**EXERCISE AIM**
The records below need to be set down again exactly; their images stay out.

**THE INPUT**
====================

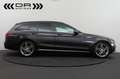 Mercedes-Benz C 180 d Aut. BREAK FACELIFT BUSINESS SOLUTIONS - LED ... Grijs - thumbnail 12
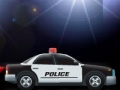 Mäng Law Enforcer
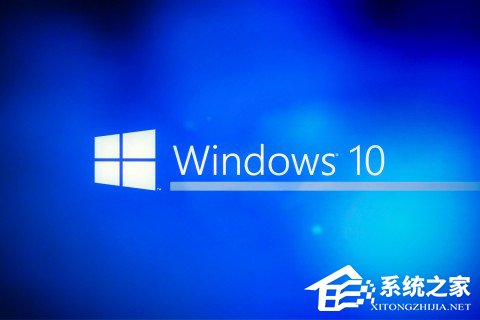 Win10哪些服務可以關閉？Win10優化系統服務的技巧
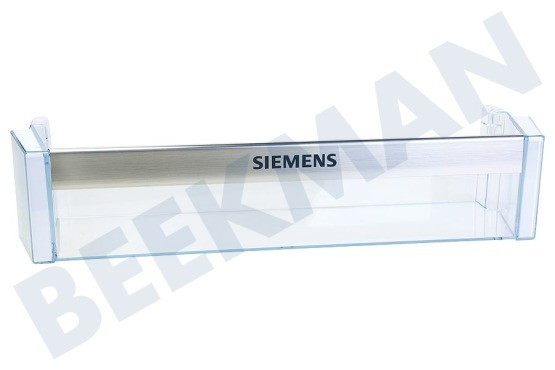 Siemens Refrigerador 745099, 00745099 Titular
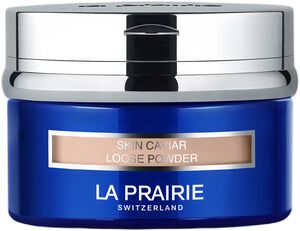 Skin Caviar Complexion Loose powder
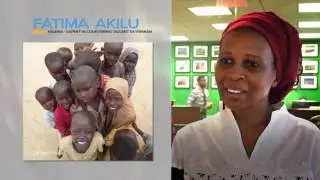 How Can Boko Haram Be Defeated in Nigeria?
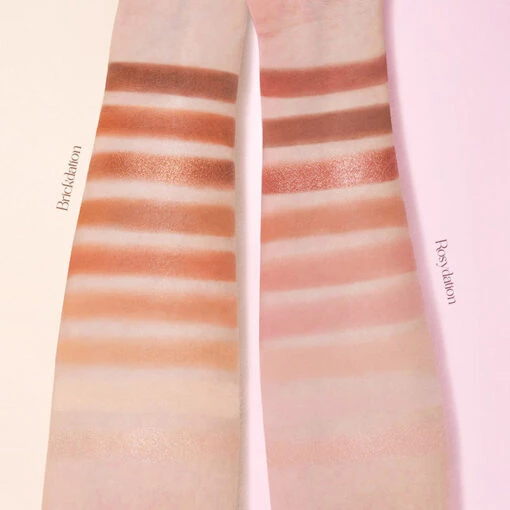 Colordation Mood Palette - Image 8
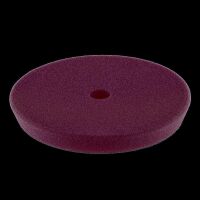 Universal-Pad, medium PP-M 25 VE 5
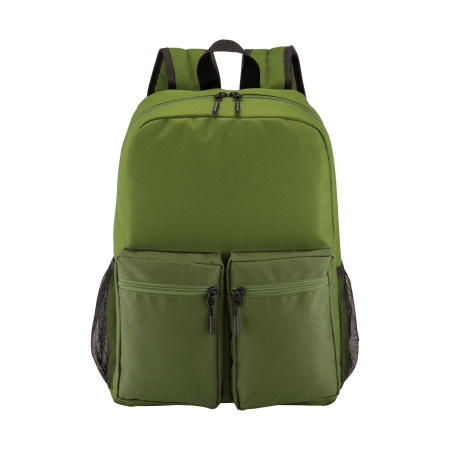 4_zaino-multitasche-personalizzabile-con-logo-stampasi-verde-scuro.jpg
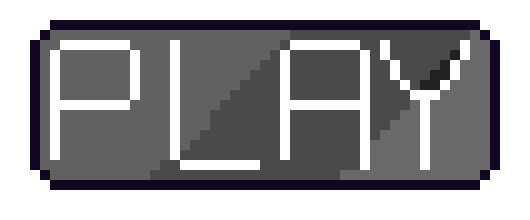 [13ce3f] Play button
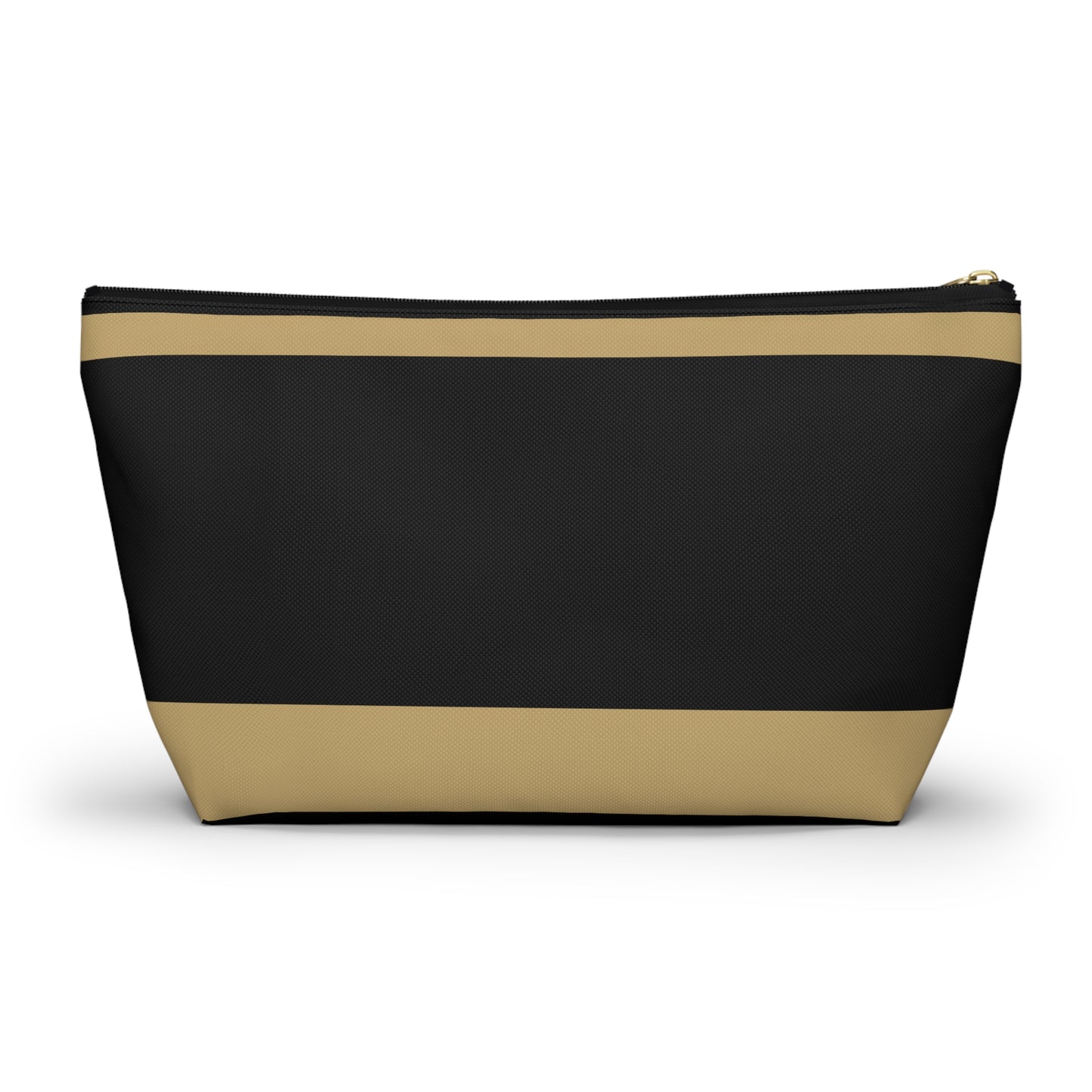 Charbonnet Accessory Pouch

====================

**OUTPUT BELOW**
 Mercedes-Benz C 180 d Aut. BREAK FACELIFT BUSINESS SOLUTIONS - LED ... Grijs - thumbnail 12
 Mäng Law Enforcer
 Win10哪些服務可以關閉？Win10優化系統服務的技巧
 Siemens Refrigerador 745099, 00745099 Titular
 Skin Caviar Complexion Loose powder
 How Can Boko Haram Be Defeated in Nigeria?
 Colordation Mood Palette - Image 8
 Universal-Pad, medium PP-M 25 VE 5
 4_zaino-multitasche-personalizzabile-con-logo-stampasi-verde-scuro.jpg
 [13ce3f] Play button
 Charbonnet Accessory Pouch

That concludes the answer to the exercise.